Catel dessine les passages relatifs à la vie de Mylène Demongeot elle-même tandis que Claire Bouilhac met en scène celle de sa mère. Leur trait et leur encrage se rapprochent suffisamment pour que les planches de l'une et de l'autre se fondent ensemble harmonieusement même s'il se dégage une ambiance sensiblement différente entre elles. Du côté de Catel, nous avons des planches colorées et vivantes pour un récit proche du roman graphique moderne. Tandis que du côté de Claire Bouilhac, nous sommes dans l'atmosphère visuelle d'un récit d'aventure historique aux couleurs plus sobres et dé-saturées.

Et c'est bien par le terme d'aventure historique que l'on peut résumer la jeunesse de la mère de Mylène. De 1910 à la seconde guerre mondiale, d'Ukraine à la France en passant par la Sibérie, la Chine et l'Indochine, elle aura subi la misère et une enfance difficile, avant de prendre peu à peu sa revanche sur la vie, avec plus ou moins de réussite. C'est une intéressante et dépaysante vision de la vie dans une partie du continent Asiatique puis en France dans les années 20. C'est aussi et surtout le récit du combat d'une femme forte décidée à prendre sans complexe ce que la société patriarcale ne lui offrait pas d'elle-même.
Cette femme, il est possible de ne pas s'y attacher, d'être rebuté par la froideur de sa vision du monde et la façon dont elle use des hommes comme de simples barreaux sur l'échelle sociale, les appréciant quand ils réussissent et sont riches et les rejetant quand ils échouent ou la déçoivent. Néanmoins il faut saluer sa force spirituelle, l'originalité de sa vie et l'objectivité de son récit, sans manichéisme.
Quant à la narration, elle est plutôt agréable et claire malgré la complexité de cette biographie. Certains passages sont abordés de manière un peu superficielle et il faut parfois deviner qui est tel ou tel proche ou prétendant de l'héroïne, mais l'essentiel est bien présent et intéressant.
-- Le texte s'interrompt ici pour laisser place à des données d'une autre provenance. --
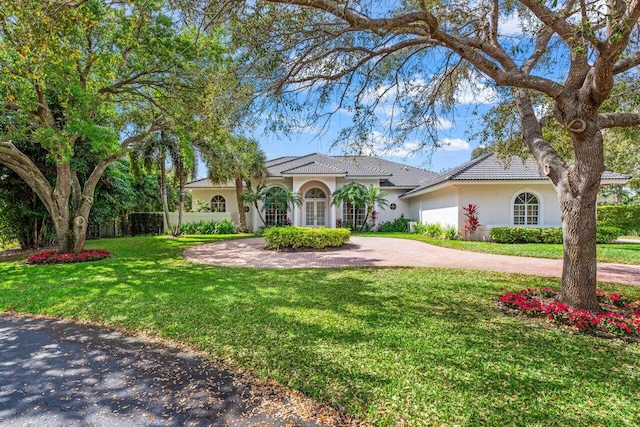 view of front of home with a front lawn, decorative driveway, and stucco siding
Concernant maintenant la vie de sa fille, Mylène Demongeot elle-même, son récit entrecoupe et encadre celui de la mère. Cette fois, elle est mise en scène de manière beaucoup moins linéaire et chronologique, éludant beaucoup de choses pour se concentrer sur certains moments, certaines anecdotes. Les auteurs considèrent à priori que les lecteurs connaissent déjà la majorité de la biographie officielle de cette actrice française. Cependant, le lecteur non-cinéphile risque de trouver ce récit plus superficiel, de ne saisir qu'une vision d'ensemble et pas le déroulé complet de la jeunesse puis du début de carrière de la fameuse actrice.
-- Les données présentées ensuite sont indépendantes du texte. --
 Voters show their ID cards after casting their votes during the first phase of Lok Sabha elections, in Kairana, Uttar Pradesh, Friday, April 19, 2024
On comprend que la réussite de la fille concrétise l'aboutissement des ambitions que la mère n'avait pas su atteindre elle-même. Mais on constate aussi une incompréhension voire un léger conflit entre elles du fait d'une philosophie de vie différente, la fille étant plus tournée vers l'amour et la confiance dans les hommes tandis que la mère reste enfermée dans l'armure sociale qu'elle s'est bâtie.

Au-delà de l'aspect instructif et intéressant sur la plan historique et psychologique, j'aurais aimé me sentir plus proche des deux héroïnes, l'une m'étant apparue trop froide et manipulatrice pour m'être attachante, tandis que l'autre est présentée d'un peu trop loin et brièvement. Je n'ai pas ressenti beaucoup d'émotions, mais quand même un sincère intérêt et une certaine curiosité.
Adieu Kharkov, qui en définitive ne montrera quasiment rien de la fameuse Kharkov, est l'intéressante biographie croisée de deux femmes pleines de personnalité, qui s'achève sous la forme d'une complémentarité, la fille ayant finalement atteint de nos jours la sérénité qui aura manqué à sa mère depuis son enfance.